First, some equations.

If you take a one-in-n chance, the probability of it coming off is $\frac{1}{n}$ . For example, if you roll a six-side die, the probability of rolling a 6 is $\frac{1}{6}$ .
The probability of the event not occurring is one minus the probability that it does occur,
$1 - \frac{1}{n}$ .
The probability of trying twice and it not happening is the probability of it not happening the first time, times the probability of it not happening the second time:
$(1 - \frac{1}{n}) \times (1 - \frac{1}{n})$ , or $(1 - \frac{1}{n})^2$ .
Similarly, the probability of it not happening in $n$ attempts is
$(1 - \frac{1}{n})^n$
So the probability that it does happen at least once is the probability that it doesn’t not happen,
$1 - (1 - \frac{1}{n})^n$

For a one-in-two chance, this works out as
$1 - (1 - \frac{1}{2})^2 = 1 - \frac{1}{4} = 75\%$ .

For one-in-three, it’s around $70.4\%$ . For one-in-four, $68.4\%$ . As $n$ increases, the answer gets closer and closer to $1 - \frac{1}{e} \approx 63.2\%$ , where $e$ is Euler’s number.

Why $1 - \frac{1}{e}$ ? To be honest, you would have to ask someone better at maths than me, but I think it’s a pretty cool result.

Obligatory XKCD #

xkcd.com/882: “Significant”

Code #

library(tidyverse)
theme_set(theme_minimal(base_size = 16))
ns = 2:12 # Values of n

# Probability of one or more successes
prob_of_success = function(n){
  1 - (1 - 1/n)^n
}
probs = prob_of_success(ns)
limit_val = 1 - (1 / exp(1))

df = data.frame(
  n = ns,
  prob = probs
)

ggplot(df, aes(n, prob)) +
  geom_path() +
  geom_point() +
  coord_cartesian(ylim=c(.6, .8)) +
  scale_x_continuous(breaks=ns) +
  scale_y_continuous(labels=scales::percent) +
  geom_hline(yintercept=limit_val, linetype='dashed') +
  annotate('label', x=3, y=limit_val, label=expression(1  -  frac(1,'e'))) +
  labs(x = "Value of n", y="Probability of at\nleast one success",
       caption = "You take a one-in-n chance, n times.\nWhat's the probability you're successful at least once?")

ggplot(data.frame(n=2:100), aes(x=n)) +
  geom_function(fun=prob_of_success) +
  coord_cartesian(ylim=c(.6, .8)) +
  # scale_x_continuous(breaks=ns) +
  scale_y_continuous(labels=scales::percent) +
  geom_hline(yintercept=limit_val, linetype='dashed') +
  annotate('label', x=3, y=limit_val, label=expression(1  -  frac(1,'e'))) +
  labs(x = "Value of n", y="Probability of at\nleast one success",
       caption = "Limit as n goes to infinity")

Don’t trust my formula?
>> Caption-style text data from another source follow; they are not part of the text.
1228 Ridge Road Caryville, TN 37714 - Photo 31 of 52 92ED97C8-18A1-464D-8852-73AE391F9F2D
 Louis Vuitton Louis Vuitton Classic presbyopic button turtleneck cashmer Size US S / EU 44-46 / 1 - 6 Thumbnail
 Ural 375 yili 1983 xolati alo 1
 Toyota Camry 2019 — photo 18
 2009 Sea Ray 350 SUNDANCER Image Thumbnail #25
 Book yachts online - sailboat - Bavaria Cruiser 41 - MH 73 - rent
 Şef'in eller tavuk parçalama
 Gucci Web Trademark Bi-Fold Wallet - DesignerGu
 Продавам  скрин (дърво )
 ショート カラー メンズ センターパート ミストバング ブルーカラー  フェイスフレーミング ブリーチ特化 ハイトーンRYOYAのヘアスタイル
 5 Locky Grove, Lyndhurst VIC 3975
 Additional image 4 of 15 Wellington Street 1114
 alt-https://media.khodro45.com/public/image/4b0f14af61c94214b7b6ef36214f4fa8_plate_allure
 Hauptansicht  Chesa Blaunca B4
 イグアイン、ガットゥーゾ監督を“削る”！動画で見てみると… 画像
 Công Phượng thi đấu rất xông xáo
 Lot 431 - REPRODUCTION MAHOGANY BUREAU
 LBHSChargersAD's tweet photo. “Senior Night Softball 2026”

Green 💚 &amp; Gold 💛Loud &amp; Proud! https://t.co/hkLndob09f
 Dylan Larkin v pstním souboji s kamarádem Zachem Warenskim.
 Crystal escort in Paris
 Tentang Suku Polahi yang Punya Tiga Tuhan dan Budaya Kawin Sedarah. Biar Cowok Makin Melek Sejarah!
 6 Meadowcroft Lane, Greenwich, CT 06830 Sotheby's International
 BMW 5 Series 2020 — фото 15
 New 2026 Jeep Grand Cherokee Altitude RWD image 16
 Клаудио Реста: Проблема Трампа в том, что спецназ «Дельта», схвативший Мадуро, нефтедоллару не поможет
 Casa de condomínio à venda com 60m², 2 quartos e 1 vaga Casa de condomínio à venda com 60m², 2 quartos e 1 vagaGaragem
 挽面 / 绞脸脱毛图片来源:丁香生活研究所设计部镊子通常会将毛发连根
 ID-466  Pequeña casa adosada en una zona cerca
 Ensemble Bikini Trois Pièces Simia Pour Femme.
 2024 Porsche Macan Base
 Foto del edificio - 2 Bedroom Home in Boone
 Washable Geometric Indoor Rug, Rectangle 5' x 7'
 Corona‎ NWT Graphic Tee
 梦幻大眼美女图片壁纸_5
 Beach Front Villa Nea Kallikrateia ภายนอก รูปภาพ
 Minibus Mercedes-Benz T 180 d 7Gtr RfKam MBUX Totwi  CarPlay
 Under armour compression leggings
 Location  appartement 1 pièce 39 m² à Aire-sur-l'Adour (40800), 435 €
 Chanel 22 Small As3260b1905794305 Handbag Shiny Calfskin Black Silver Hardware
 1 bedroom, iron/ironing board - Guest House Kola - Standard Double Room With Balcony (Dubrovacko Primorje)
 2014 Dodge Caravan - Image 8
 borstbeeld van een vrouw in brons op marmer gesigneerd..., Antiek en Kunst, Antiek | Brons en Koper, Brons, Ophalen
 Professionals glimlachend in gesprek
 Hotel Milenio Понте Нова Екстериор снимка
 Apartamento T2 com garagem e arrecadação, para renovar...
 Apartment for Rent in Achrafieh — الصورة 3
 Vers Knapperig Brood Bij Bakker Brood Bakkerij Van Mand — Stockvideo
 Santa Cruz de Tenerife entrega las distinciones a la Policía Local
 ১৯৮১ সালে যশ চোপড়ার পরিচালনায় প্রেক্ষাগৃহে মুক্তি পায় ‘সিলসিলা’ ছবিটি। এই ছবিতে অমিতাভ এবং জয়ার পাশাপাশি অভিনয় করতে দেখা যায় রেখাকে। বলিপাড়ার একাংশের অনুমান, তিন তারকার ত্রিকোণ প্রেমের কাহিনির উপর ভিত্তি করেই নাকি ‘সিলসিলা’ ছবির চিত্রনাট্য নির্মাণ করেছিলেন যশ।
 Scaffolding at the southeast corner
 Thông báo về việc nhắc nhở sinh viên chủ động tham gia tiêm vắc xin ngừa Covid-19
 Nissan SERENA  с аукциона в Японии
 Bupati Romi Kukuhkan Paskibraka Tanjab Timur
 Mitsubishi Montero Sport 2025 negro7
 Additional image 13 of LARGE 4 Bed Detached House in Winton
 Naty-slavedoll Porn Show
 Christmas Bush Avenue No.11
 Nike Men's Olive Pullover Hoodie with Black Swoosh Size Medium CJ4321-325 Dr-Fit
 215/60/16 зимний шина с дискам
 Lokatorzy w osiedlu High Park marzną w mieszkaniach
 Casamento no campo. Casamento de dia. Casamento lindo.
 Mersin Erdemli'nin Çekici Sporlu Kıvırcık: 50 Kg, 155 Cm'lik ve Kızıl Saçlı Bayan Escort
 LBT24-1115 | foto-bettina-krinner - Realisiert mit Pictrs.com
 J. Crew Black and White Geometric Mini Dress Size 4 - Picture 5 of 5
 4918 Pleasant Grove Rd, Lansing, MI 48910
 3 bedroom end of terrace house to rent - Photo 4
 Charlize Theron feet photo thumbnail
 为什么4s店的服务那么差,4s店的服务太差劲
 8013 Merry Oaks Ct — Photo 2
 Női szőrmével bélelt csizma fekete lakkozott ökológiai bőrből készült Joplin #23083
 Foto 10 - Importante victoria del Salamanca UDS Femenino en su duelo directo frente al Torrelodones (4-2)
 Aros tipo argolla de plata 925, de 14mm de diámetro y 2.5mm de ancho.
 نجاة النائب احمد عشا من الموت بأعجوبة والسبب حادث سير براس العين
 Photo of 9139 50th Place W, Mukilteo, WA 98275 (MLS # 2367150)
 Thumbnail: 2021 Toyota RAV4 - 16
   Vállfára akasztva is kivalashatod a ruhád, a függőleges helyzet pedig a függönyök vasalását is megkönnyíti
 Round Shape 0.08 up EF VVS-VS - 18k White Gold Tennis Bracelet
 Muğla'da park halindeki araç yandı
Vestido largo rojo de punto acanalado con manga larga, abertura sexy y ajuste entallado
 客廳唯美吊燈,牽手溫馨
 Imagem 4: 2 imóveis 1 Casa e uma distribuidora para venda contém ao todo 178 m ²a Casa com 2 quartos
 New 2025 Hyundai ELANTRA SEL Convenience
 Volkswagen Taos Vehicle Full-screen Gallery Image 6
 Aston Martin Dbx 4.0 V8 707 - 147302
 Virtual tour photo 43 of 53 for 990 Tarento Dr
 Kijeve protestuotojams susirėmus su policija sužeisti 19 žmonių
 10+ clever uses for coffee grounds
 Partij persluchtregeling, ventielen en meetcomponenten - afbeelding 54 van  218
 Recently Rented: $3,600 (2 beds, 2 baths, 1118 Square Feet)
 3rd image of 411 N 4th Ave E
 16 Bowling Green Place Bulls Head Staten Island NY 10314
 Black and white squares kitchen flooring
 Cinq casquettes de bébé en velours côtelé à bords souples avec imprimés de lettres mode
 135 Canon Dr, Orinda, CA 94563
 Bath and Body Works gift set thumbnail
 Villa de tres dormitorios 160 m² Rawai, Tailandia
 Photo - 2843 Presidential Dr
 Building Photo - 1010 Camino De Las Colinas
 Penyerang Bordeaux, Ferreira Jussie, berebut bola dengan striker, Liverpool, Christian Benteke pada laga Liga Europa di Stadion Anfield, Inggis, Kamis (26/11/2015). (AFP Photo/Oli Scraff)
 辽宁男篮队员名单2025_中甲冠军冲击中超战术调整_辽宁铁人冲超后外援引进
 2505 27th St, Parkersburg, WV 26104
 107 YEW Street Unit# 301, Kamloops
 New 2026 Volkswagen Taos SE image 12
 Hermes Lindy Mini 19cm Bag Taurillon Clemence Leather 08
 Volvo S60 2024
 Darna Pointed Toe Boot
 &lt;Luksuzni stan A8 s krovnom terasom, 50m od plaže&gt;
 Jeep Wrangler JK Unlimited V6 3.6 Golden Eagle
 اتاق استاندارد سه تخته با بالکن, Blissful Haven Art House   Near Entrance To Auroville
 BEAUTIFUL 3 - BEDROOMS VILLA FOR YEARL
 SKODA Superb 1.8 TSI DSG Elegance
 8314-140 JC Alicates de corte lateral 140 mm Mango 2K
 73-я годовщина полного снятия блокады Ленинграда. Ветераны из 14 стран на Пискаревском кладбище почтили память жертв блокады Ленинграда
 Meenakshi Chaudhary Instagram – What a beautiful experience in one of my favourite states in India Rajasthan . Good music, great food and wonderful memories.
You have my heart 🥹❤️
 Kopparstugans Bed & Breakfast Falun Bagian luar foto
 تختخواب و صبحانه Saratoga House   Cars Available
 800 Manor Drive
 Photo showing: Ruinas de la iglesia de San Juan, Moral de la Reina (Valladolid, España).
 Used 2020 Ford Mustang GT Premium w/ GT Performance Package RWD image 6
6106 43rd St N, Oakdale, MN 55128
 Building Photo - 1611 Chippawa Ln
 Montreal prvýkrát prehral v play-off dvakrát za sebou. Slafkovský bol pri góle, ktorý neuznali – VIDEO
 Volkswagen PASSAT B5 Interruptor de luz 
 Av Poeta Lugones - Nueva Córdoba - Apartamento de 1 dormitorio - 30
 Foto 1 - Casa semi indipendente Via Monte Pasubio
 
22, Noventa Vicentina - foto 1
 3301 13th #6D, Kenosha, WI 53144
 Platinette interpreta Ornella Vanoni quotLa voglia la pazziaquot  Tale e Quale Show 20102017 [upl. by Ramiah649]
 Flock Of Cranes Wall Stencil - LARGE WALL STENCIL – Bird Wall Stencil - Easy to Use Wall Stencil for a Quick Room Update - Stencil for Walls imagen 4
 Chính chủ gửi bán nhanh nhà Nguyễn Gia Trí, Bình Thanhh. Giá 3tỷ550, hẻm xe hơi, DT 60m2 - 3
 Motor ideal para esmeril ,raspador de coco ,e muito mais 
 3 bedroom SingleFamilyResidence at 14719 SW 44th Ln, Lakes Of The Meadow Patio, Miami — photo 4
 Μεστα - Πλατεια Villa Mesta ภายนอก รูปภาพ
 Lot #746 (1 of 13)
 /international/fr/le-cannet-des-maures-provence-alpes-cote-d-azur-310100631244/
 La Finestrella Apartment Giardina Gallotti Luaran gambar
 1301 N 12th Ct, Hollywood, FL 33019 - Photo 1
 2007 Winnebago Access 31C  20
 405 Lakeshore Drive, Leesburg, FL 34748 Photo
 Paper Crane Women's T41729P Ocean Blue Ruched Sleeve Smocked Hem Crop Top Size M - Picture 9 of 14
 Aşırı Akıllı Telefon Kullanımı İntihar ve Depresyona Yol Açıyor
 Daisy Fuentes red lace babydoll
I don’t blame you, I never trust anything I figure out myself. That’s why I double check it against a simulation.

sim_func = function(n, nsims=100000){
  outcomes = rbinom(n=nsims, size=n, prob=1/n)
  mean(outcomes > 0)
}
df$sim_p = map_dbl(ns, sim_func)

df %>%
  pivot_longer(-n) %>%
  mutate(name = ifelse(name=='prob', 'Formula', 'Simulation')) %>%
  ggplot(aes(n, value, color=name)) +
  geom_path() + 
  geom_point() +
  coord_cartesian(ylim=c(.6, .8)) +
  scale_x_continuous(breaks=ns) +
  scale_y_continuous(labels=scales::percent) +
  geom_hline(yintercept=limit_val, linetype='dashed') +
  labs(x = "Value of n", y="Probability of at\nleast one success", color = "Method",
       caption = "Formula agrees with simulation")